The USSC replaced the UEAB when it was created in July 1994 with the passage of Utah House Bill 358. In January 1995, the USSC published A Strategic Plan for Earthquake Safety in Utah that represents the state's formalized efforts to reduce losses in future earthquakes. The Strategic Plan contains 33 strategies grouped under the following five objectives:
1. Increase earthquake awareness and education
2. Improve emergency response and recovery
3. Improve the seismic safety of buildings and infrastructure
4. Improve essential geoscience information
5. Assess earthquake risk

== Activities ==
The goals of the USSC today are to facilitate the implementation of the Strategic Plan and to keep it up to date while remaining "actively engaged in trying to protect the citizens and economy of Utah before the next damaging earthquake hits." The USSC acts as a community outreach organization and has had success educating "the public, the business community, and school children to both understand the risks facing them and their communities and to act responsibly by adopting loss reduction measures."

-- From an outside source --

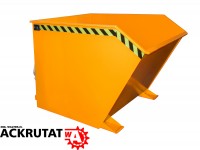 Kippbehälter GU 1500 Bauer Behälter Spänebehälter Kipper Selbstkipper 1500 kg Kippbehälter GU 1500 Bauer Behälter Spänebehälter Kipper Selbstkipper 1500 kg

Accomplishments of the USSC include co-sponsoring technical conferences focused on geologic hazards, establishing a student research grant program, helping to implement seismic building codes, helping to manage a post-earthquake technical clearinghouse plan, raising awareness of the dangers of unreinforced masonry structures and older school buildings, helping to expand Utah's seismic monitoring network, co-developing Putting Down Roots in Earthquake Country—a non-technical handbook for earthquake safety in Utah, and supporting the development of a statewide HAZUS (Hazards U.S. loss estimation program) risk analysis.